Unfortunately, a rental renovation requires some unconventional thinking, since there’s no real demolition allowed. But, after some sleepless nights (yes, I hated the tile that much) I workshopped a few solutions to make the room more palatable to the human eye, and it cost me less than $150!! For reference, here’s what it looked like before:
...shocking I know.
For starters, I did a lot of Pinterest-ing on yellow bathrooms, and I found this photo that inspired my color choices going forward:
This photo gave me a sliver of hope that if I could cover up the brown on the floor and ceiling, I might just be able to make a cohesive space. As with any design-oriented project, I made a mood board to insure the products I picked would fit in the space I was already working with:
So here's how I made it less visually arresting:
Cover Up the Ceiling Tile
Short of ripping out the tile and getting evicted, the two bathroom ceiling options were: coat the tile in white epoxy paint, or go removable with contact paper. Since the former would require my landlord’s permission (ugh) and days of drying time, I had to relinquish my painted tile dreams. Instead, I cut this matte white contact paper into squares the size of the ceiling tiles, and applied them one by one. Yes, it was painstaking, but wouldn’t you know? It holds up to bathroom humidity exceedingly well. Some tips on applying these babies:
Stick down the corner first and peel the back off while you smooth it down. It's fairly easy to peel it back off and restick, so don't get too precious with it.
If there are any unavoidable bubbles, stick a pin in them and they should flatten out.
Lay Down Floor Tile
In order to address the atrocity that was the floor, I went with these super inexpensive vinyl peel & stick tiles. Originally, I wanted to do some black & white geometric tiles, but I knew it would be near impossible to line them all up. Bear in mind: these are not intended to cover bumpy, grouted tile, but since I only need them to hold up for 2 years max, I said, “screw it!” A few tips on installation:
Measure, and measure twice. I ended up having to lug two sets of tiles home on the subway from Home Depot because I measured incorrectly. Don't be like me—measure correctly.

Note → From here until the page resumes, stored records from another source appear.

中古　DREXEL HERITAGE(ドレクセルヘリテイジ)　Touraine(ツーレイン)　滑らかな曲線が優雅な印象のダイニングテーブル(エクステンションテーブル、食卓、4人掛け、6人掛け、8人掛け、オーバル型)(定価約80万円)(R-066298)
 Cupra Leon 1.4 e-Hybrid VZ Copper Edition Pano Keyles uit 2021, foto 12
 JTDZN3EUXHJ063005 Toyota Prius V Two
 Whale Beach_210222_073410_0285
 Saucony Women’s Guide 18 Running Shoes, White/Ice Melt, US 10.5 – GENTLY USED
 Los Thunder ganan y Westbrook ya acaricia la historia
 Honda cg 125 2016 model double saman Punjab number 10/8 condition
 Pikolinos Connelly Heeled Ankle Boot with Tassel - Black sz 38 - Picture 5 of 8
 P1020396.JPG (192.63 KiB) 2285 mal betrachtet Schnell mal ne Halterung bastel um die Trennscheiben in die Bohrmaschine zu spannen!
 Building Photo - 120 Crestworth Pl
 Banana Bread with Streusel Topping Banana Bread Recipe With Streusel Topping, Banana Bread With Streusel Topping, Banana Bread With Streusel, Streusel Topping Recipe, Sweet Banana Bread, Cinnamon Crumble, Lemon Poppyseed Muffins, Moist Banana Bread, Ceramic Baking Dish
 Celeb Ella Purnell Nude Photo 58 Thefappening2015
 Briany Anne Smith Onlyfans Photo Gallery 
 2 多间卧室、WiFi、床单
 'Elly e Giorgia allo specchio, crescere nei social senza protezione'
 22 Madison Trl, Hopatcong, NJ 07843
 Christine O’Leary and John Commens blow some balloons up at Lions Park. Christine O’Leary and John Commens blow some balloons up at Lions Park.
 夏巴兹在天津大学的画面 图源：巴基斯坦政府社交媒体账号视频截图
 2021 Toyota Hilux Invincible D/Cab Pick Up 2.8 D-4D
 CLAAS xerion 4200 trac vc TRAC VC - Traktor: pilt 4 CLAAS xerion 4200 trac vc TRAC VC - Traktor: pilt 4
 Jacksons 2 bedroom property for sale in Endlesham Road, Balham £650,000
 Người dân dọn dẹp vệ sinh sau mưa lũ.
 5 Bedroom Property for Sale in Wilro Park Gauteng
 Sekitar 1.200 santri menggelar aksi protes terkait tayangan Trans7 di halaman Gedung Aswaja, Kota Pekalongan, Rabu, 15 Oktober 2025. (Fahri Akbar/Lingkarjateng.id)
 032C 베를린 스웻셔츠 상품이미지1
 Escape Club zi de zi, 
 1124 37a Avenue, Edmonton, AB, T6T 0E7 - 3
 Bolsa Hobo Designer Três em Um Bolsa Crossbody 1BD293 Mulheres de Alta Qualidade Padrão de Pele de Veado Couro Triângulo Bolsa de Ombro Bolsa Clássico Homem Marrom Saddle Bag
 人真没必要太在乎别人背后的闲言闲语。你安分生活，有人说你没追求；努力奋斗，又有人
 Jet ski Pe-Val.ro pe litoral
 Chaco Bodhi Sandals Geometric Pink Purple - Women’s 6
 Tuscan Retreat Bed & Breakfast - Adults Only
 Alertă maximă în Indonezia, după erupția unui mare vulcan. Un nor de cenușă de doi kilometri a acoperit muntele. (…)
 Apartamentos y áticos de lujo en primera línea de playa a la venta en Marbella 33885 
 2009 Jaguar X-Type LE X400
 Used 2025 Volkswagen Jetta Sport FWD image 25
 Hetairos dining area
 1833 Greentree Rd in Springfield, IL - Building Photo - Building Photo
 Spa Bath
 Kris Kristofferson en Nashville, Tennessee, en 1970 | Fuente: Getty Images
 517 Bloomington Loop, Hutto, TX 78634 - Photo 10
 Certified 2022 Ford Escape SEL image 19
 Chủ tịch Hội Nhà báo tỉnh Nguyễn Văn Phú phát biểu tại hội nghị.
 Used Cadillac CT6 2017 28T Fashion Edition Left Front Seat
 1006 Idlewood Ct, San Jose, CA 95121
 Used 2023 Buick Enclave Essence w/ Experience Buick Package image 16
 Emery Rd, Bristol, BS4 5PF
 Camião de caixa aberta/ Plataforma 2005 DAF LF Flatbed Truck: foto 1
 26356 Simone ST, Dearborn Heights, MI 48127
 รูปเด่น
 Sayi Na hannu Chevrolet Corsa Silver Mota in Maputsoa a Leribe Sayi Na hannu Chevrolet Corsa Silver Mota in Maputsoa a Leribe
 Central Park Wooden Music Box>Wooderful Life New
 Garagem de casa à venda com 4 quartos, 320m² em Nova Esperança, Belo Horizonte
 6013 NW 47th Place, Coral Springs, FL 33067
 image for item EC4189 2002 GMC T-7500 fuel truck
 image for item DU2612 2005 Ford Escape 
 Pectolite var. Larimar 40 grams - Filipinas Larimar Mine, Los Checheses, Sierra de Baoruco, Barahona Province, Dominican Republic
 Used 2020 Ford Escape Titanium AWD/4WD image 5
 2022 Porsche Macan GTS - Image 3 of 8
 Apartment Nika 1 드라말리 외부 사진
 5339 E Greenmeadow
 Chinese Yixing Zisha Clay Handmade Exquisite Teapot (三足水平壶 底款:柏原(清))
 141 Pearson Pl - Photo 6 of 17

Use paper and tape to map out the hard-to-fit sections of the floor (like around the toilet), then trace them onto the tile
While you’ll need a utility knife for some pieces, good scissors work wonders on these cheapo tiles.
Hang a Shower Curtain
Like any good millennial, I posted on Instagram asking for suggestions to improve my bath-tuation, and I had a few people suggest hanging a shower curtain in front of the glass door. At first, I thought it seemed redundant (double shower coverings?), but once my vision for the rest of the bathroom was mood-boarded, I knew that sucker had to be hidden. This shower curtain adds some subtle texture and successfully hides the brass and textured glass. Thank god.
Paint the Door
Okay, on this one you should probably consult your landlord… but I’m an ask for forgiveness not permission kind of gal. The door is pretty standard issue wood veneer, but years of wear and tear and a healthy dose of water damage rendered it, well…ugly. A quick sand with 220 grit paper and 2 coats of eggshell white instantly made the bathroom more cohesive. If my landlord hates that the door looks better when it's time to move out, I'll buy a new one!
Change the Light Fixtures
Electrical work is not for the impatient or instructions-impaired, but it is a game-changer for rentals (au revoir, boob lights!). I followed this tutorial that aided me in replacing the ceiling fixture in my bedroom, and while I was struggling on my tip toes for an hour... it was well worth it. The fixtures in the bathroom aren't totally heinous, so I left them be, but just know it's totally possible to swap 'em. Plus, you can just reinstall the old fixture when it’s time to move out.
Aaaaandddd... after all that... here she is!!
For less than $150 I woke myself up from a bathroom nightmare I thought I might never escape, and I fully expect to get my security deposit back when I leave.